==== SUPPLIED MATERIAL

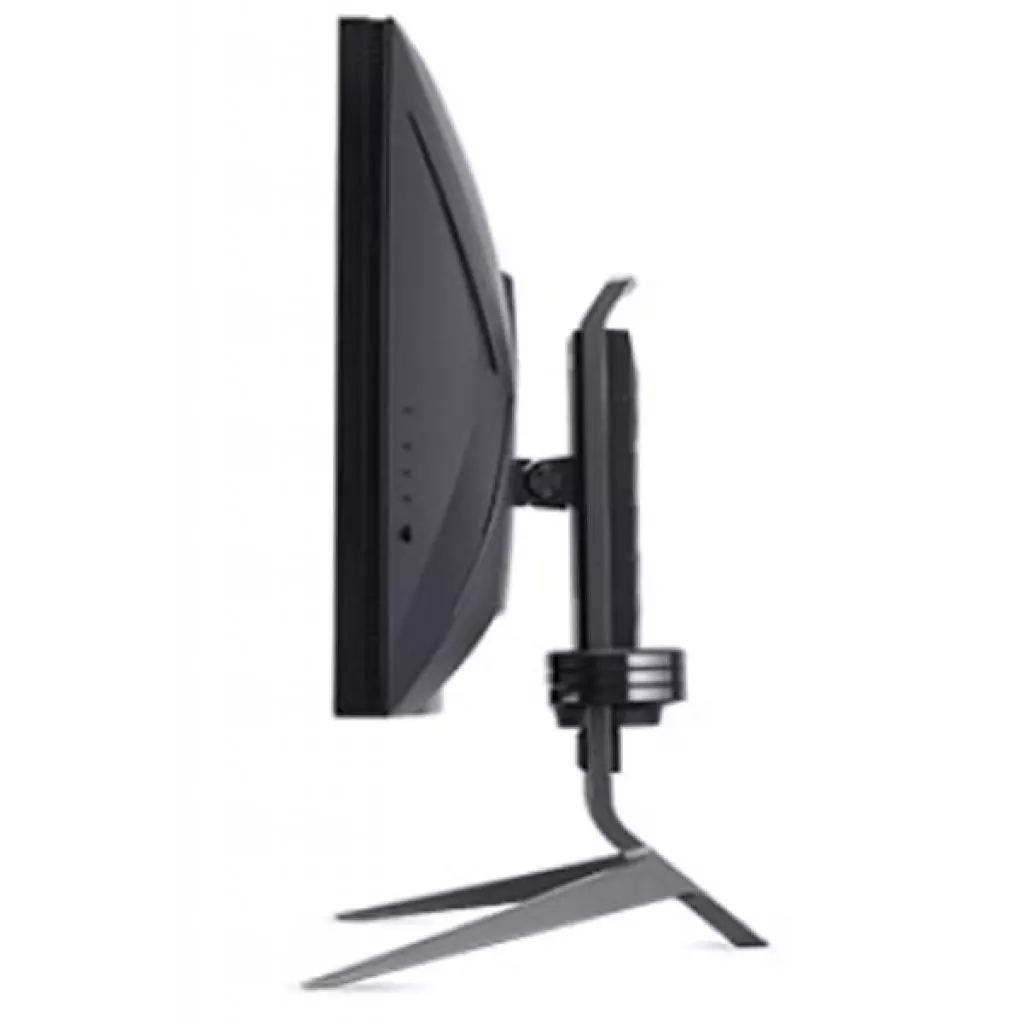 Монитор Acer Predator X38P (UM.TX0EE.P01) - 5
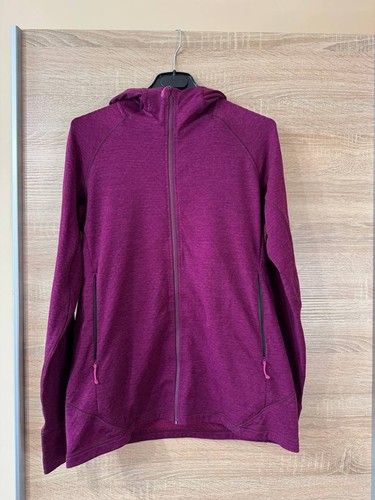 Women rab nexus - rab,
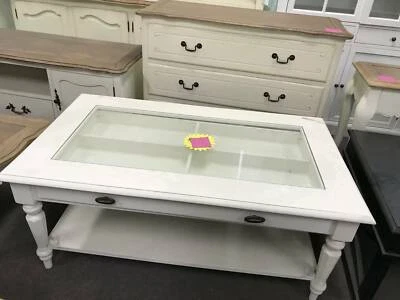 French Provincial In Victoria Coffee Tables Gumtree Australia Free Local Classifieds French Provincial In Victoria Coffee, Display Coffee Table Australia
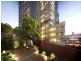 4008/639 Lonsdale Street, Melbourne VIC 3000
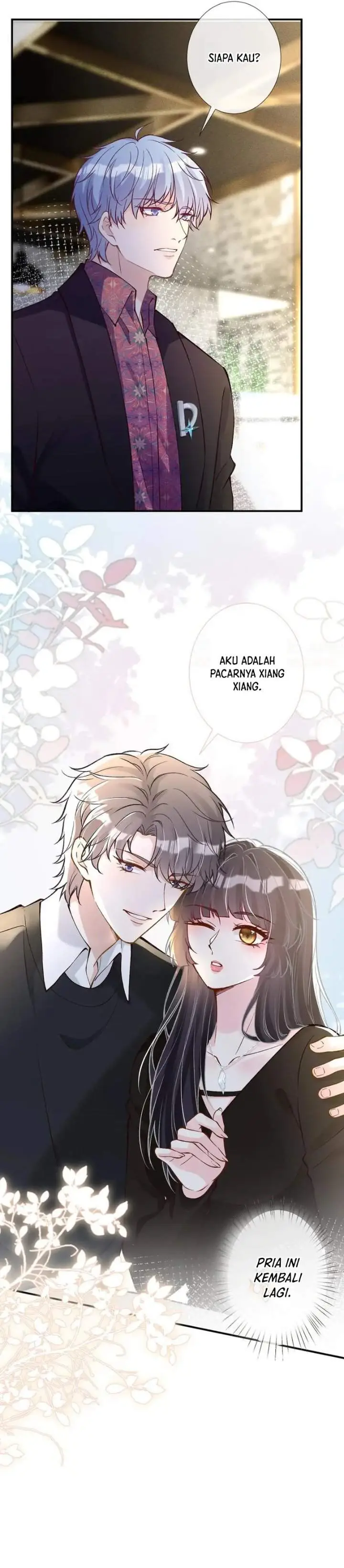 image-komik-bao-jin-wo-de-xiao-majia-chapter-297-2/20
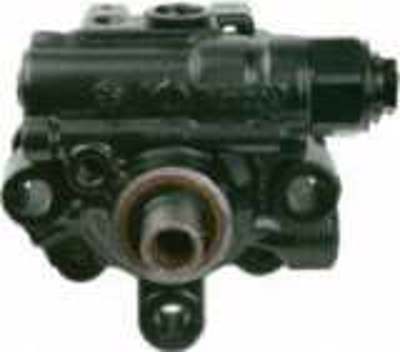21-5276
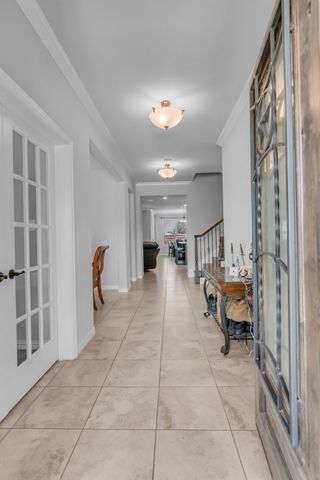 7325 Tesoro Trail, Fort Worth, TX 76131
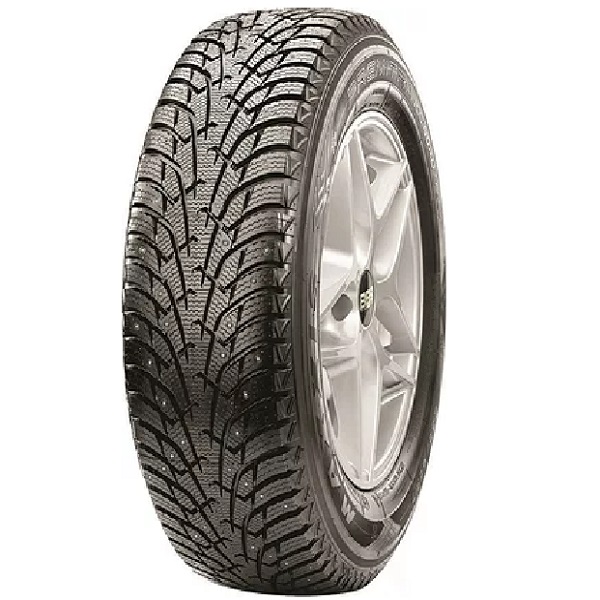 Np5 premitra ice nord. Maxxis Premitra Ice Nord ns5. Maxxis Premitra Ice Nord ns5 шип.. Maxxis ns5 Premitra Ice Nord SUV. Maxxis Premitra Ice Nord ns5 215/65 r16 98t.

========

*ACTIVITY*. Retype, without any picture, exactly the lines from the one with "Women rab nexus" through the end of the entries, inclusive.

*RESPONSE AREA*.
 Women rab nexus - rab,
 French Provincial In Victoria Coffee Tables Gumtree Australia Free Local Classifieds French Provincial In Victoria Coffee, Display Coffee Table Australia
 4008/639 Lonsdale Street, Melbourne VIC 3000
 image-komik-bao-jin-wo-de-xiao-majia-chapter-297-2/20
21-5276
 7325 Tesoro Trail, Fort Worth, TX 76131
 Np5 premitra ice nord. Maxxis Premitra Ice Nord ns5. Maxxis Premitra Ice Nord ns5 шип.. Maxxis ns5 Premitra Ice Nord SUV. Maxxis Premitra Ice Nord ns5 215/65 r16 98t.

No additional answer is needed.